» **What to do**:
Please set down each line of the data again, unchanged.

» **Dataset records**:
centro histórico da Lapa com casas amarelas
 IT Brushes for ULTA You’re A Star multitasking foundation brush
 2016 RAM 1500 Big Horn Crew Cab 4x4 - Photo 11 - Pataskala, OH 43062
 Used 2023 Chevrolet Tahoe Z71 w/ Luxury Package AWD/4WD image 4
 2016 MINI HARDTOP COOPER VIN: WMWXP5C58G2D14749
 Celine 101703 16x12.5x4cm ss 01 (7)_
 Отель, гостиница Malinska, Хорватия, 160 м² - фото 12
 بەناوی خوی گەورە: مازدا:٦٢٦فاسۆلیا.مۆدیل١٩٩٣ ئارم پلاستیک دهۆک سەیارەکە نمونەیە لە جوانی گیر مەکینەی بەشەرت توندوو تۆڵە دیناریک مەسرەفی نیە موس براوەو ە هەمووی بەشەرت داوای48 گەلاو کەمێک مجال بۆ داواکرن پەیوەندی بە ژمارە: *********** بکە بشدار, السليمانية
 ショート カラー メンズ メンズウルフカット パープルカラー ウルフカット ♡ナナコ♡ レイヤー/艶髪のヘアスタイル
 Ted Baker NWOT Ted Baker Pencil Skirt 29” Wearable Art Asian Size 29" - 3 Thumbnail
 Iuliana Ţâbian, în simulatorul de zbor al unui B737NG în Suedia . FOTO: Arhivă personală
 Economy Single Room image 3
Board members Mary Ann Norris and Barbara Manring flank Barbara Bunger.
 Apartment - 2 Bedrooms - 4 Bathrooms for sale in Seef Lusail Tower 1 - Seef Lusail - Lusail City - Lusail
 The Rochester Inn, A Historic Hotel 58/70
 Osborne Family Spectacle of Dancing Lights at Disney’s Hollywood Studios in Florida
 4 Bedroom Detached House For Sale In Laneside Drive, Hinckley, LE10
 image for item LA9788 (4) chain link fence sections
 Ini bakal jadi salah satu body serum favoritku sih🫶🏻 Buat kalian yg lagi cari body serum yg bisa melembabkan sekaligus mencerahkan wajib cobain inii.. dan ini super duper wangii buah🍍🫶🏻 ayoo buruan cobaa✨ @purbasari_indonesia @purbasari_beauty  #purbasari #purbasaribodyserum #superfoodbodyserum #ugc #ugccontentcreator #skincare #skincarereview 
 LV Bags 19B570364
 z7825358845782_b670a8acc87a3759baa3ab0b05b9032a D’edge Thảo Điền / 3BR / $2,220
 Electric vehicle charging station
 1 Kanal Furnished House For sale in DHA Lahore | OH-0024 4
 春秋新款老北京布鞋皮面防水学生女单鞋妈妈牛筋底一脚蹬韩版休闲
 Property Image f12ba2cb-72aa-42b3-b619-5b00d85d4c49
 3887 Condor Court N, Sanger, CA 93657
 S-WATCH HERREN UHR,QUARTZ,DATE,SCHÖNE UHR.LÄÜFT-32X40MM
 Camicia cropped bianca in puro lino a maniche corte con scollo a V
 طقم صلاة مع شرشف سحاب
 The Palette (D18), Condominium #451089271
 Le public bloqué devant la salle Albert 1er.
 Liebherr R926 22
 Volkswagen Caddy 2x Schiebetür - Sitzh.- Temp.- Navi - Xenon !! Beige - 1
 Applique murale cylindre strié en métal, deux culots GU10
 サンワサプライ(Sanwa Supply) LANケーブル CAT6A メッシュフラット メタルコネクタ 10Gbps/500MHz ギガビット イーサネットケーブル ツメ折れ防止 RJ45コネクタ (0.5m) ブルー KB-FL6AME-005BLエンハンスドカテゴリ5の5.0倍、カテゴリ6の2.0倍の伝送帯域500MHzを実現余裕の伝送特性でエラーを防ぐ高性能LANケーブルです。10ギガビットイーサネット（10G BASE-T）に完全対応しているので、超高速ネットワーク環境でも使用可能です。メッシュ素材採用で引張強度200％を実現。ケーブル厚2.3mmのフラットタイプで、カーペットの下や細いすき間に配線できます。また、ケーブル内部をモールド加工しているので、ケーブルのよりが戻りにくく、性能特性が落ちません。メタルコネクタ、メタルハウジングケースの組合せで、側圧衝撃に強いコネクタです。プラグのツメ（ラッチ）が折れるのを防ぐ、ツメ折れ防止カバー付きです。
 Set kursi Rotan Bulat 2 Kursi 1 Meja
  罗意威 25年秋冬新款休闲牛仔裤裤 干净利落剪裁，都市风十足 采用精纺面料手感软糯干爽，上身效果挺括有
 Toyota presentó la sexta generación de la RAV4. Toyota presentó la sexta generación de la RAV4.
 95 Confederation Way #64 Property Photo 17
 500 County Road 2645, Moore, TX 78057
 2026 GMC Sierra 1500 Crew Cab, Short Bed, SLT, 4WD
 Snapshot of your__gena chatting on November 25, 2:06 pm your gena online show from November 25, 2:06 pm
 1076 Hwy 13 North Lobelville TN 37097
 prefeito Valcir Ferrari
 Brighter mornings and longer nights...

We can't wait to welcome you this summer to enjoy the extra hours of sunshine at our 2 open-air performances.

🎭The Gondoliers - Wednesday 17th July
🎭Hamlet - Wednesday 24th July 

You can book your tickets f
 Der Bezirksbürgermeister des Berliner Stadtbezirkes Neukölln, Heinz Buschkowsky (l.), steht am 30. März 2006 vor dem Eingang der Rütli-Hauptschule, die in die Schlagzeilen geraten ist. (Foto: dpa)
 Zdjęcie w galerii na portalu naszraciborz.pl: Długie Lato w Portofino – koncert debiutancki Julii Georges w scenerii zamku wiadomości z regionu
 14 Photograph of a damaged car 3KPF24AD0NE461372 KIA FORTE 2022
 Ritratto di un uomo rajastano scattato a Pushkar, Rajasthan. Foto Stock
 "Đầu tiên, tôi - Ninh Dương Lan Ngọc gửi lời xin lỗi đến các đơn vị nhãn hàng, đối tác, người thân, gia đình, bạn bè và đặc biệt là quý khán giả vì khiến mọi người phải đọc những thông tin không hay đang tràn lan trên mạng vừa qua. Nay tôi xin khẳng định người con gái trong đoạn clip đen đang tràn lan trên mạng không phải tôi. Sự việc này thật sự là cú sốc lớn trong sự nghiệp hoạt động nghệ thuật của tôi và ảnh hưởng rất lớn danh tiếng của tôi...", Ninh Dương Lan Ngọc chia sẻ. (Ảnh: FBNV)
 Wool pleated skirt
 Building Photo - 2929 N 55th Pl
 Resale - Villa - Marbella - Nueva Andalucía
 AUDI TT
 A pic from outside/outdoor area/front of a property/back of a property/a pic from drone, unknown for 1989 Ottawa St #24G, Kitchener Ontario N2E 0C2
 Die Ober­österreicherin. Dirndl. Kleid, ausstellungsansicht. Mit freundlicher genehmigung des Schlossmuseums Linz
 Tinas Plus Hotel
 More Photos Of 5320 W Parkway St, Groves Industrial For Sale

» **Answer below**:
centro histórico da Lapa com casas amarelas
 IT Brushes for ULTA You’re A Star multitasking foundation brush
 2016 RAM 1500 Big Horn Crew Cab 4x4 - Photo 11 - Pataskala, OH 43062
 Used 2023 Chevrolet Tahoe Z71 w/ Luxury Package AWD/4WD image 4
 2016 MINI HARDTOP COOPER VIN: WMWXP5C58G2D14749
 Celine 101703 16x12.5x4cm ss 01 (7)_
 Отель, гостиница Malinska, Хорватия, 160 м² - фото 12
 بەناوی خوی گەورە: مازدا:٦٢٦فاسۆلیا.مۆدیل١٩٩٣ ئارم پلاستیک دهۆک سەیارەکە نمونەیە لە جوانی گیر مەکینەی بەشەرت توندوو تۆڵە دیناریک مەسرەفی نیە موس براوەو ە هەمووی بەشەرت داوای48 گەلاو کەمێک مجال بۆ داواکرن پەیوەندی بە ژمارە: *********** بکە بشدار, السليمانية
 ショート カラー メンズ メンズウルフカット パープルカラー ウルフカット ♡ナナコ♡ レイヤー/艶髪のヘアスタイル
 Ted Baker NWOT Ted Baker Pencil Skirt 29” Wearable Art Asian Size 29" - 3 Thumbnail
 Iuliana Ţâbian, în simulatorul de zbor al unui B737NG în Suedia . FOTO: Arhivă personală
 Economy Single Room image 3
Board members Mary Ann Norris and Barbara Manring flank Barbara Bunger.
 Apartment - 2 Bedrooms - 4 Bathrooms for sale in Seef Lusail Tower 1 - Seef Lusail - Lusail City - Lusail
 The Rochester Inn, A Historic Hotel 58/70
 Osborne Family Spectacle of Dancing Lights at Disney’s Hollywood Studios in Florida
 4 Bedroom Detached House For Sale In Laneside Drive, Hinckley, LE10
 image for item LA9788 (4) chain link fence sections
 Ini bakal jadi salah satu body serum favoritku sih🫶🏻 Buat kalian yg lagi cari body serum yg bisa melembabkan sekaligus mencerahkan wajib cobain inii.. dan ini super duper wangii buah🍍🫶🏻 ayoo buruan cobaa✨ @purbasari_indonesia @purbasari_beauty  #purbasari #purbasaribodyserum #superfoodbodyserum #ugc #ugccontentcreator #skincare #skincarereview 
 LV Bags 19B570364
 z7825358845782_b670a8acc87a3759baa3ab0b05b9032a D’edge Thảo Điền / 3BR / $2,220
 Electric vehicle charging station
 1 Kanal Furnished House For sale in DHA Lahore | OH-0024 4
 春秋新款老北京布鞋皮面防水学生女单鞋妈妈牛筋底一脚蹬韩版休闲
 Property Image f12ba2cb-72aa-42b3-b619-5b00d85d4c49
 3887 Condor Court N, Sanger, CA 93657
 S-WATCH HERREN UHR,QUARTZ,DATE,SCHÖNE UHR.LÄÜFT-32X40MM
 Camicia cropped bianca in puro lino a maniche corte con scollo a V
 طقم صلاة مع شرشف سحاب
 The Palette (D18), Condominium #451089271
 Le public bloqué devant la salle Albert 1er.
 Liebherr R926 22
 Volkswagen Caddy 2x Schiebetür - Sitzh.- Temp.- Navi - Xenon !! Beige - 1
 Applique murale cylindre strié en métal, deux culots GU10
 サンワサプライ(Sanwa Supply) LANケーブル CAT6A メッシュフラット メタルコネクタ 10Gbps/500MHz ギガビット イーサネットケーブル ツメ折れ防止 RJ45コネクタ (0.5m) ブルー KB-FL6AME-005BLエンハンスドカテゴリ5の5.0倍、カテゴリ6の2.0倍の伝送帯域500MHzを実現余裕の伝送特性でエラーを防ぐ高性能LANケーブルです。10ギガビットイーサネット（10G BASE-T）に完全対応しているので、超高速ネットワーク環境でも使用可能です。メッシュ素材採用で引張強度200％を実現。ケーブル厚2.3mmのフラットタイプで、カーペットの下や細いすき間に配線できます。また、ケーブル内部をモールド加工しているので、ケーブルのよりが戻りにくく、性能特性が落ちません。メタルコネクタ、メタルハウジングケースの組合せで、側圧衝撃に強いコネクタです。プラグのツメ（ラッチ）が折れるのを防ぐ、ツメ折れ防止カバー付きです。
 Set kursi Rotan Bulat 2 Kursi 1 Meja
  罗意威 25年秋冬新款休闲牛仔裤裤 干净利落剪裁，都市风十足 采用精纺面料手感软糯干爽，上身效果挺括有
 Toyota presentó la sexta generación de la RAV4. Toyota presentó la sexta generación de la RAV4.
 95 Confederation Way #64 Property Photo 17
 500 County Road 2645, Moore, TX 78057
 2026 GMC Sierra 1500 Crew Cab, Short Bed, SLT, 4WD
 Snapshot of your__gena chatting on November 25, 2:06 pm your gena online show from November 25, 2:06 pm
 1076 Hwy 13 North Lobelville TN 37097
 prefeito Valcir Ferrari
 Brighter mornings and longer nights...

We can't wait to welcome you this summer to enjoy the extra hours of sunshine at our 2 open-air performances.

🎭The Gondoliers - Wednesday 17th July
🎭Hamlet - Wednesday 24th July 

You can book your tickets f
 Der Bezirksbürgermeister des Berliner Stadtbezirkes Neukölln, Heinz Buschkowsky (l.), steht am 30. März 2006 vor dem Eingang der Rütli-Hauptschule, die in die Schlagzeilen geraten ist. (Foto: dpa)
 Zdjęcie w galerii na portalu naszraciborz.pl: Długie Lato w Portofino – koncert debiutancki Julii Georges w scenerii zamku wiadomości z regionu
 14 Photograph of a damaged car 3KPF24AD0NE461372 KIA FORTE 2022
 Ritratto di un uomo rajastano scattato a Pushkar, Rajasthan. Foto Stock
 "Đầu tiên, tôi - Ninh Dương Lan Ngọc gửi lời xin lỗi đến các đơn vị nhãn hàng, đối tác, người thân, gia đình, bạn bè và đặc biệt là quý khán giả vì khiến mọi người phải đọc những thông tin không hay đang tràn lan trên mạng vừa qua. Nay tôi xin khẳng định người con gái trong đoạn clip đen đang tràn lan trên mạng không phải tôi. Sự việc này thật sự là cú sốc lớn trong sự nghiệp hoạt động nghệ thuật của tôi và ảnh hưởng rất lớn danh tiếng của tôi...", Ninh Dương Lan Ngọc chia sẻ. (Ảnh: FBNV)
 Wool pleated skirt
 Building Photo - 2929 N 55th Pl
 Resale - Villa - Marbella - Nueva Andalucía
 AUDI TT
 A pic from outside/outdoor area/front of a property/back of a property/a pic from drone, unknown for 1989 Ottawa St #24G, Kitchener Ontario N2E 0C2
 Die Ober­österreicherin. Dirndl. Kleid, ausstellungsansicht. Mit freundlicher genehmigung des Schlossmuseums Linz
 Tinas Plus Hotel
 More Photos Of 5320 W Parkway St, Groves Industrial For Sale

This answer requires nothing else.